--- Available data Enclosed Below ---

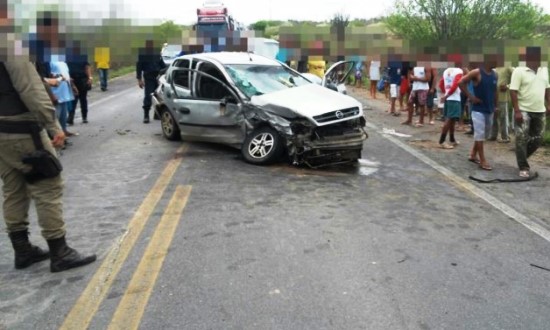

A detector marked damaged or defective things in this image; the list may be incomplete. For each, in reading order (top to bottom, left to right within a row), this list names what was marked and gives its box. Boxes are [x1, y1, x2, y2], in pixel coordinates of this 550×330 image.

broken windshield [224, 63, 310, 98]
crashed silver car [153, 52, 368, 169]
crumpled hood [250, 83, 362, 123]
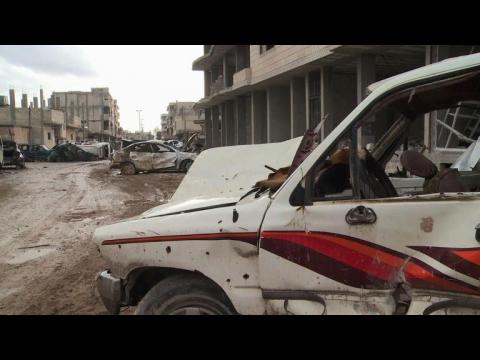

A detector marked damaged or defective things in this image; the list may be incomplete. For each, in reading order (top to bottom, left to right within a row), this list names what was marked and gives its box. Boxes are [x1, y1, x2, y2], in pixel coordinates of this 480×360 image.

damaged building [0, 89, 81, 147]
damaged building [49, 88, 121, 143]
damaged building [192, 44, 480, 166]
burned car [0, 139, 25, 170]
wrecked car [0, 139, 25, 170]
burned car [111, 140, 197, 175]
wrecked car [111, 140, 197, 175]
broken metal sheet [171, 138, 302, 202]
damaged white pickup truck [93, 53, 480, 316]
wrecked car [94, 53, 480, 316]
burned car [94, 53, 480, 316]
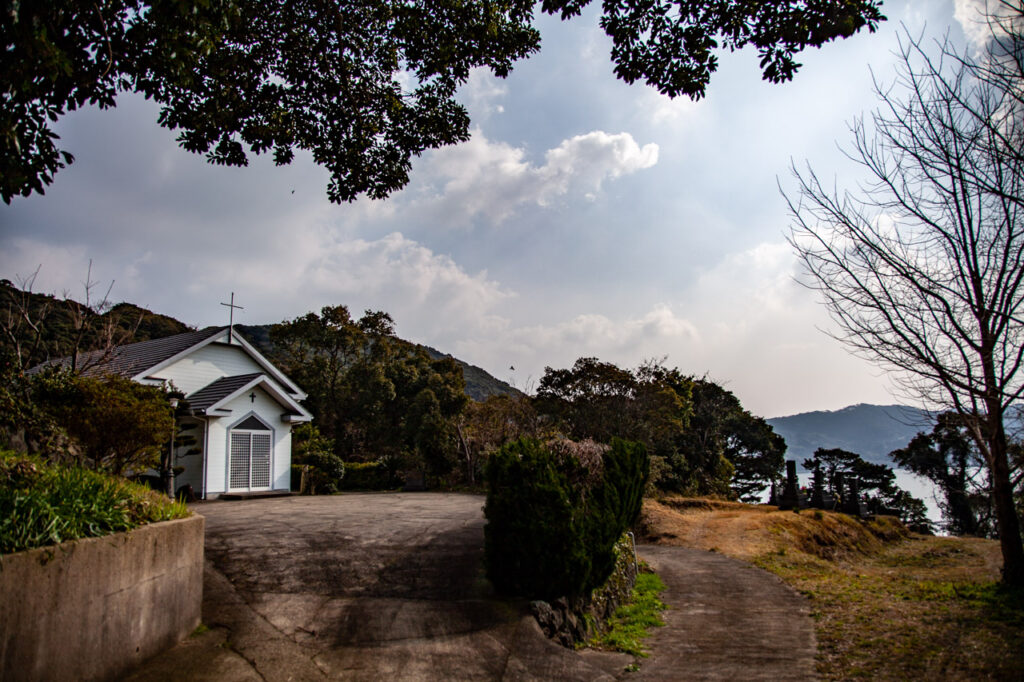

--- End of Enclosed Available data ---

Write out all of the data above exactly, without any of its pictures.

A detector marked damaged or defective things in this image; the list may be incomplete. For each, in reading order (top to bottom, left to right within a row), this list names what was marked and gives its box. Boxes are [x1, y1, x2, y2], in pixel coordinates of this 550×330 image.

broken windshield [224, 63, 310, 98]
crashed silver car [153, 52, 368, 169]
crumpled hood [250, 83, 362, 123]

A detector marked damaged or defective things in this image; the list may be incomplete. For each, in reading order (top to bottom, left to right within a row), this list names what was marked and gives its box. Boxes are [x1, y1, x2, y2], in pixel coordinates of this 480×360 image.

damaged building [0, 89, 81, 147]
damaged building [49, 88, 121, 143]
damaged building [192, 44, 480, 166]
burned car [0, 139, 25, 170]
wrecked car [0, 139, 25, 170]
burned car [111, 140, 197, 175]
wrecked car [111, 140, 197, 175]
broken metal sheet [171, 138, 302, 202]
damaged white pickup truck [93, 53, 480, 316]
wrecked car [94, 53, 480, 316]
burned car [94, 53, 480, 316]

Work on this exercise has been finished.